Backup and restore using GParted

i am happy to try and help when i can :slight_smile:

one of the other things that clonezilla can do is create an image of the partition you are interested in having as a backup. an advantage of the image over a clone or copy like the one i believe you have created is that there is some compression involved so it takes up less space. after my backup in january, i compared the space used on my hdd and what was taken up by the image created by clonezilla. the exact numbers are listed in the first link below, but there was a greater than 50% compression rate which is helpful for (possibly over-) cautious folks like myself who keep a few backups just in case the most recent has an issue.

i have read before (and there is a post in this forum [second link below]) that it is possible to mount one of these images to get access to individual files. i haven’t tried that process yet, but it is definitely on my list of interesting possibilities to play with one of these days.

to answer what i believe is the main point of your question: yes. i will use my copy process to try and explain why that is a qualified yes at least in my case.

when i used gparted to copy from my internal hdd to my external hdd, i chose to copy my third partition which has debian installed on it. i copied debian to the second partition on my external hdd (the first is where i keep timeshift snapshots/backups). running sudo update-grub locates that (hopefully) valid, bootable partition on the external drive and adds it as a boot option on the initial grub os choice screen.

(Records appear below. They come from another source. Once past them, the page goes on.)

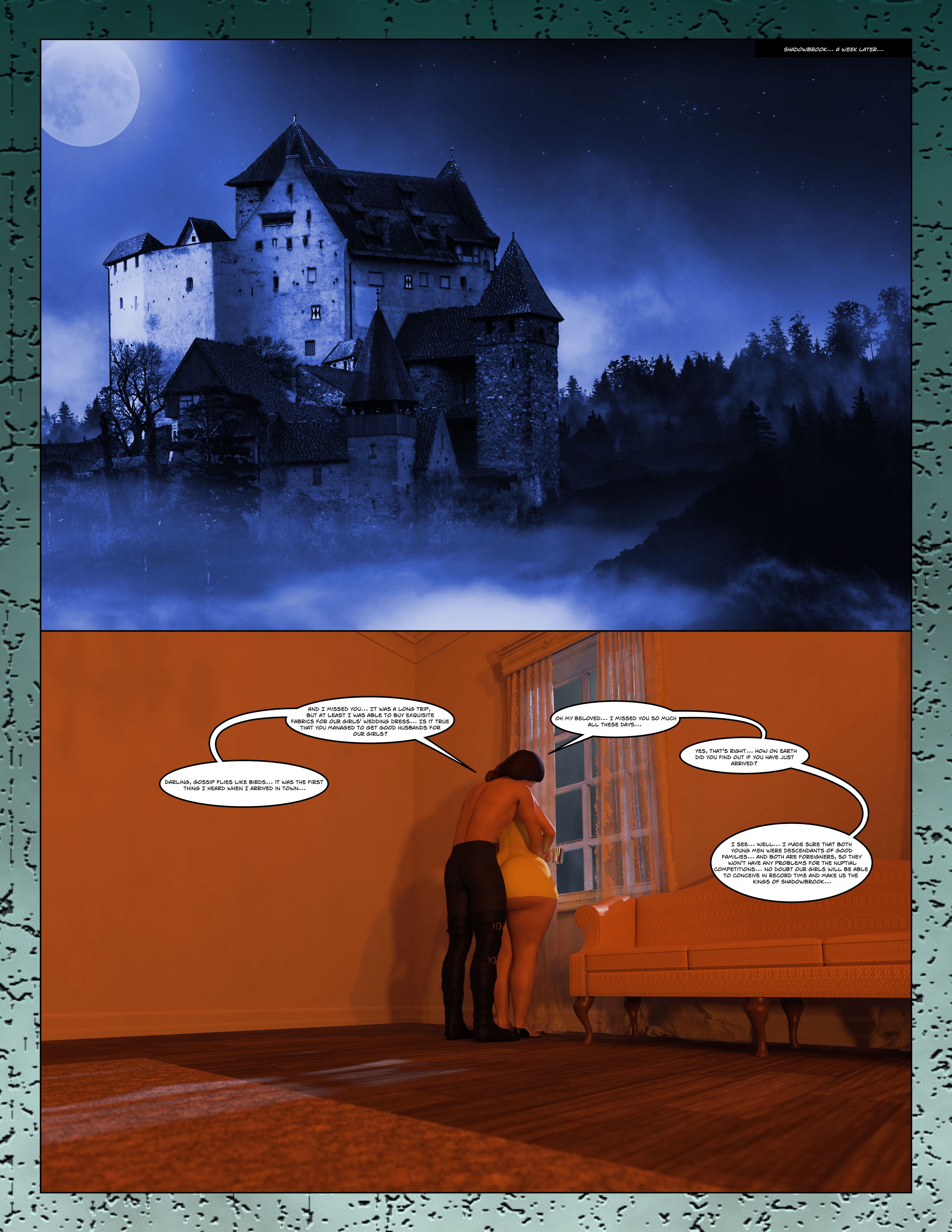 Spell [Moiarte3D] Chapter 2 Page 32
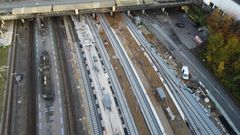 Ombygning af Aarhus H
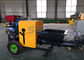 Máquina de pulverização do pulverizador do emplastro da máquina/cimento do almofariz diesel com aplicação larga fornecedor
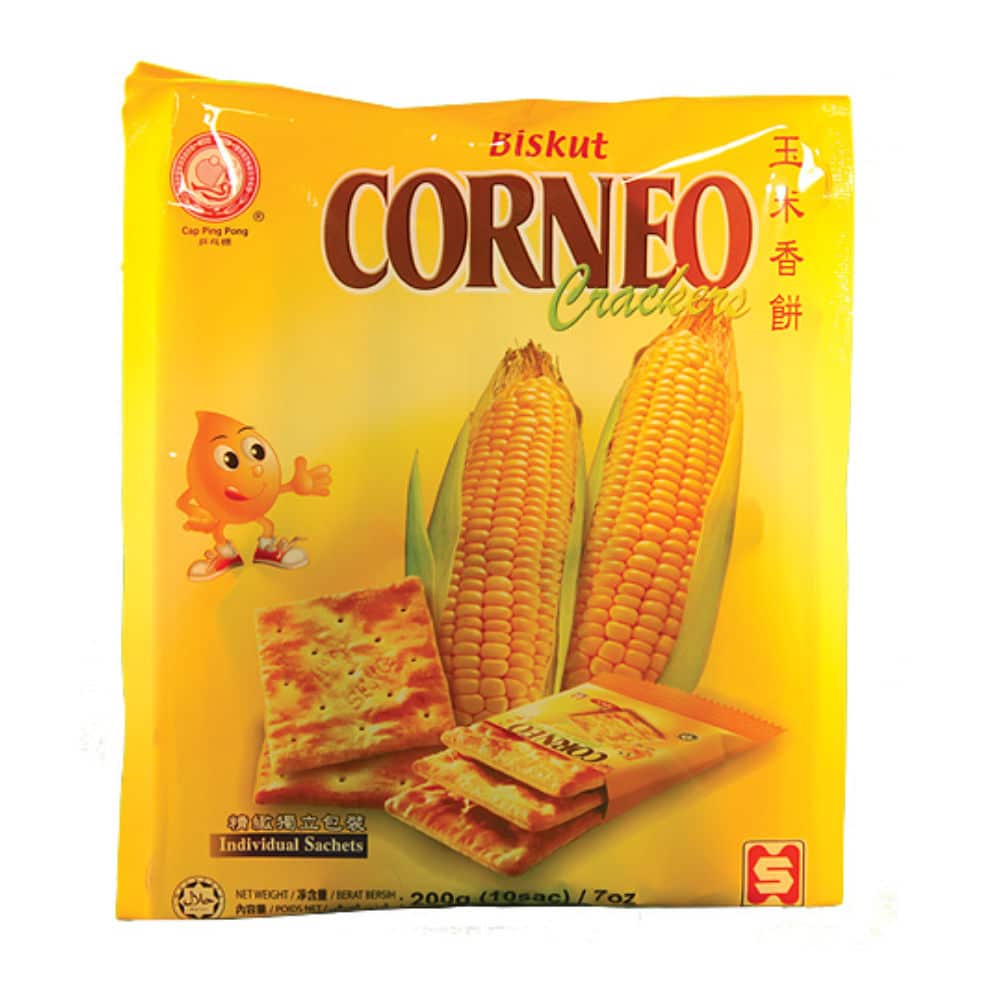 Hup Seng – Corneo Crackers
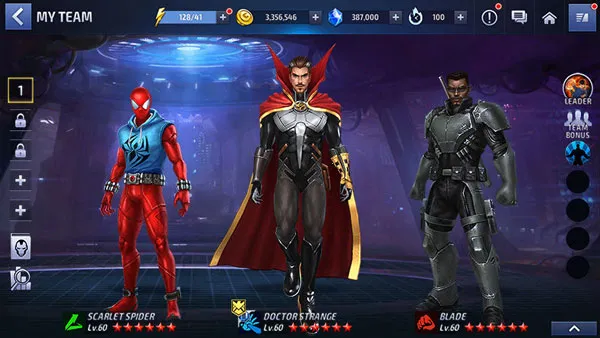 未来之战(漫威战斗游) 未来之战(漫威战斗游)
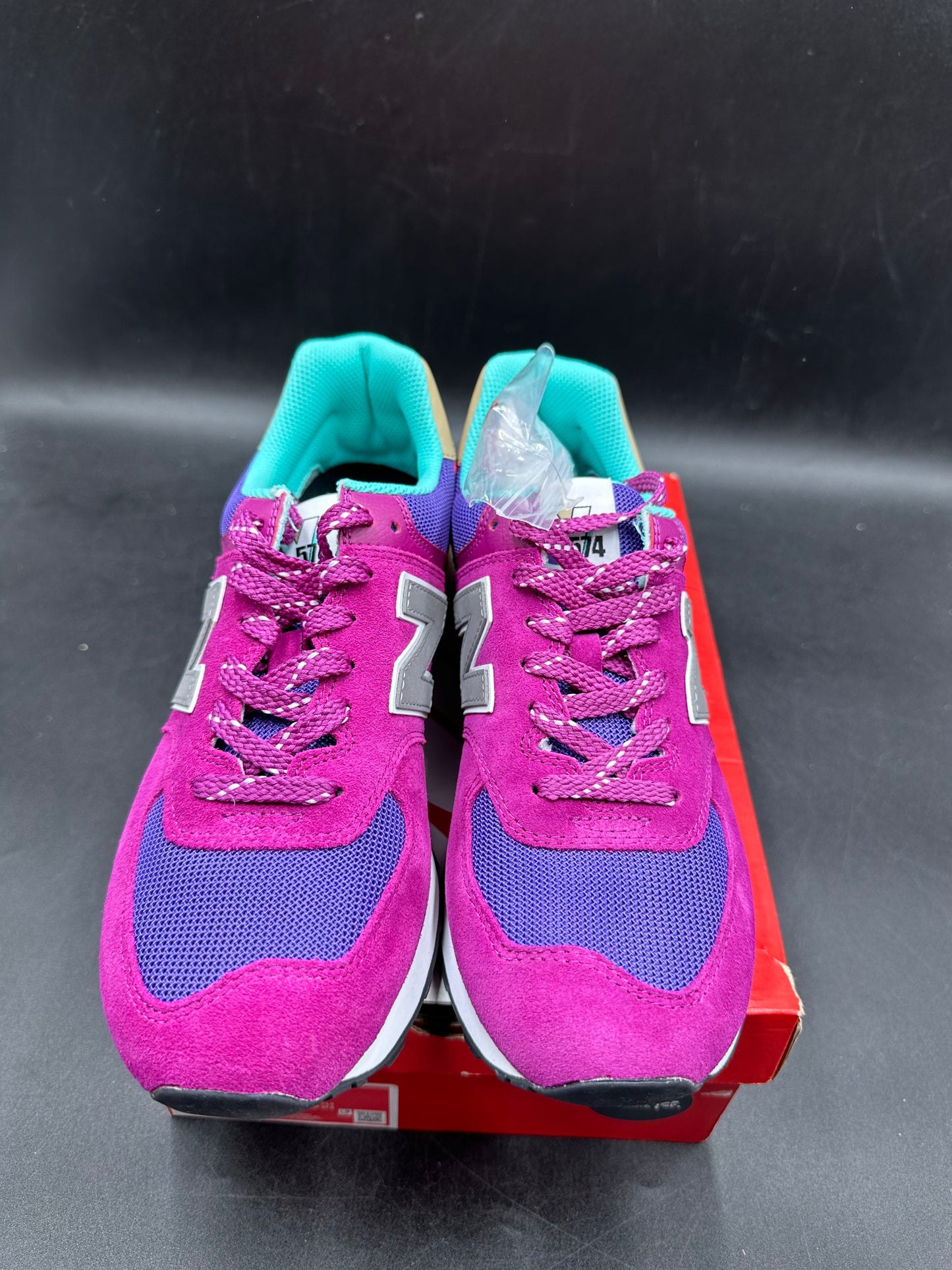 New balance 574 Sample
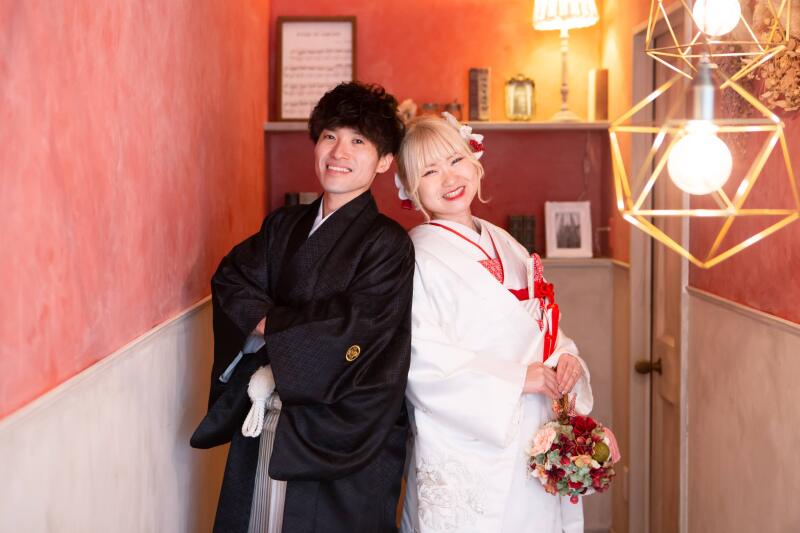 綿帽子を外して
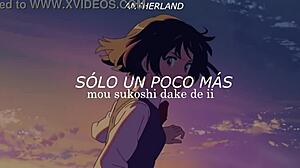 your name radwimps - nandemonaiya subtle vibes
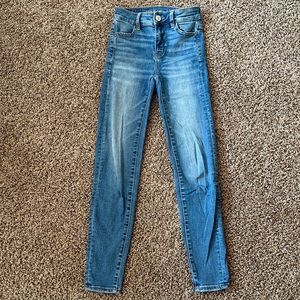 American Eagle Hi-Rise Jeggings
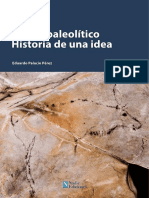 Arte paleolítico. Historia de una idea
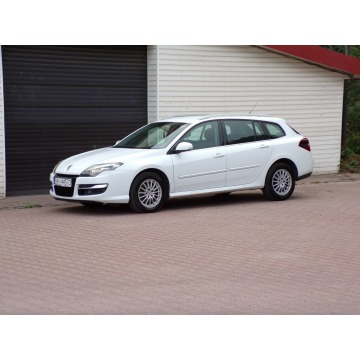 Renault Laguna  Kombi 2012,  2.0 benzyna - Na sprzedaż za 21 890 zł - Mikołów - zdjęcie 9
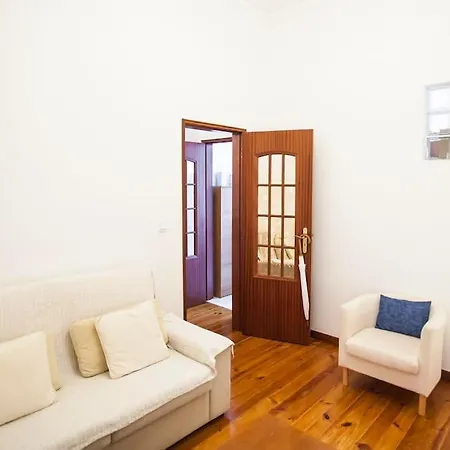 Comfort Daire Lisboa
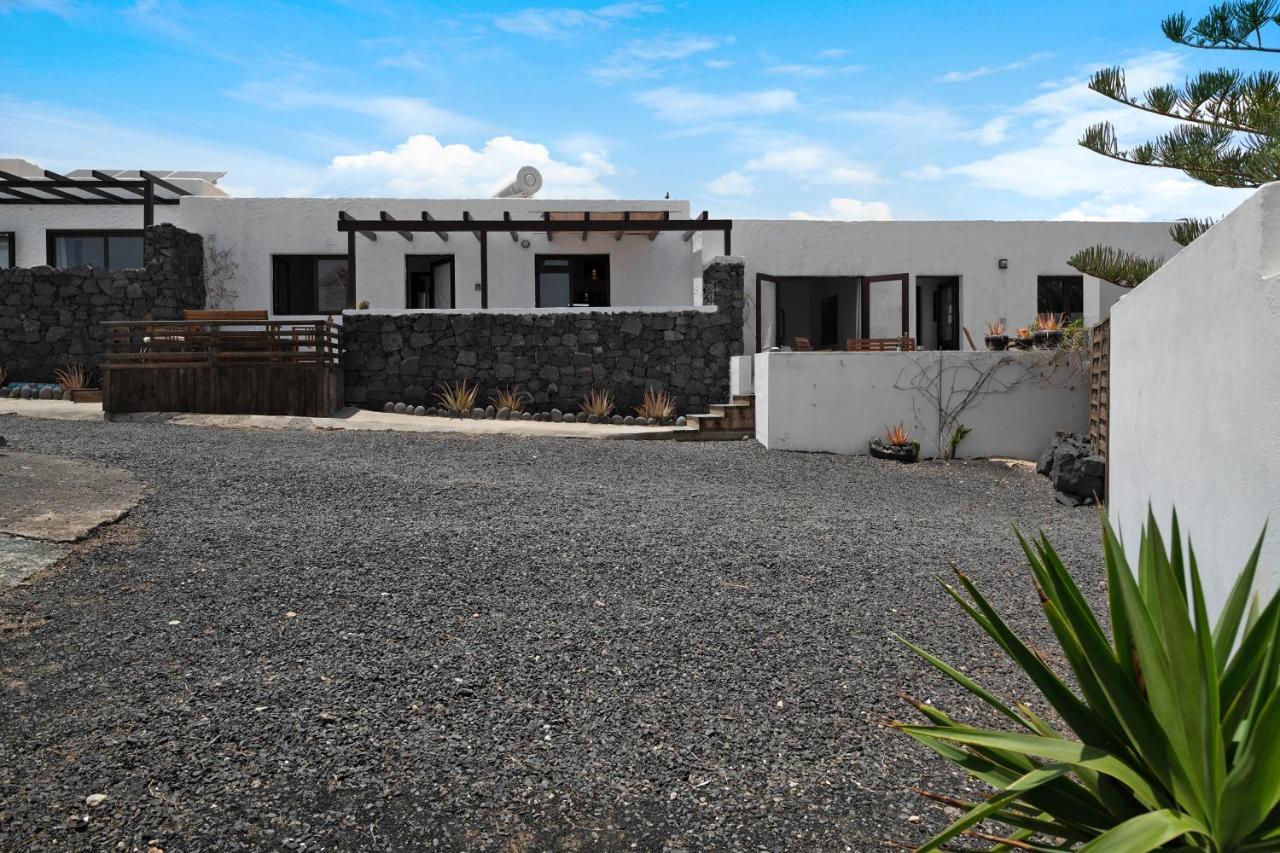 Playa Marina Eco Bungalow Ocean Аррьета Экстерьер фото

the reason my answer in my case is a qualified yes is because of the placement of the partitions i chose to copy and paste to. if (in the admittedly very minor possibility case) i had chosen to copy my third internal partition to the first partition on the external drive and then i wanted to take that external drive (mine is a bare hdd in an enclosure) and put it in my laptop and use it as an internal drive, there would be no grub (no bootloader at all) to tell the system to load the os even though it is valid and bootable.

i do not know for certain (i don’t have an extra drive to test the possibility) that this would result in the os not loading. perhaps your suggestion of adding the boot flag with gparted will allow it to do so. i just wanted to add that there is a possibility in this particular case that things might not go as planned.

what i understand of your process so far leads me to believe that you would probably be able to boot a drive where you copied the first partition (grub is generally written to the beginning of the drive [though this can apparently be changed] when installing most linux distros) to an external drive and then installed that drive and used it internally. i again say “probably” and hedge my bets because the only time i have used clonezilla to perform a complete restore from a backup image was onto the same disk (i messed something up with an update) the image was written from. i have not yet had the need to restore a backup image to an entirely new disk because of disk failure. theoretically that is exactly part of what clonezilla was designed to do. i just haven’t tested that particular function.

i hope that’s not too many if’s, and’s, but’s or wall of text imposing :slight_smile: in general the reason i use a couple of different backup methods (timeshift and clonezilla as well as smartcontrol/smartd in the background) is because i just want to make doubly (and possibly triply) certain that if i do lose a disk there is some hope of recovering my more recent work.